» Exercise requirements: Each line from the one holding "1895/1902 - Postzegels" through the final line of the data below is to be given again exactly, and no other line is to appear.

Source data:
-=-=-
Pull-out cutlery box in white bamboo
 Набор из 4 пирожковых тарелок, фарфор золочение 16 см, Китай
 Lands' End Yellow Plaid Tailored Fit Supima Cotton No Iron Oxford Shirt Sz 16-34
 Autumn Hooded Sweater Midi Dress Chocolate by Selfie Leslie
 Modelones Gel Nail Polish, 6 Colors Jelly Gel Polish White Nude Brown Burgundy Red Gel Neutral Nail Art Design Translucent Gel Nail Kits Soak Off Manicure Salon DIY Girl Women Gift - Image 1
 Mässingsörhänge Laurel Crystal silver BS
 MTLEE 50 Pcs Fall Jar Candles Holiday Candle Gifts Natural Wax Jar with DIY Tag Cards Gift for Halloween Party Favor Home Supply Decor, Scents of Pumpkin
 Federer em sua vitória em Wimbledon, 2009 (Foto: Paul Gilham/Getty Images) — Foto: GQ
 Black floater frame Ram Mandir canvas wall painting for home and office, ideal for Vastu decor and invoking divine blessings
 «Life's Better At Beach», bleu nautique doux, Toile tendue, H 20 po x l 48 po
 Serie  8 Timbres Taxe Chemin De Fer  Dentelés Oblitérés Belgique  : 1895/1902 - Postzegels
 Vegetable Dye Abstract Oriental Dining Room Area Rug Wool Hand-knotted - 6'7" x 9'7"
-=-=-
» Answer area:
 Serie  8 Timbres Taxe Chemin De Fer  Dentelés Oblitérés Belgique  : 1895/1902 - Postzegels
 Vegetable Dye Abstract Oriental Dining Room Area Rug Wool Hand-knotted - 6'7" x 9'7"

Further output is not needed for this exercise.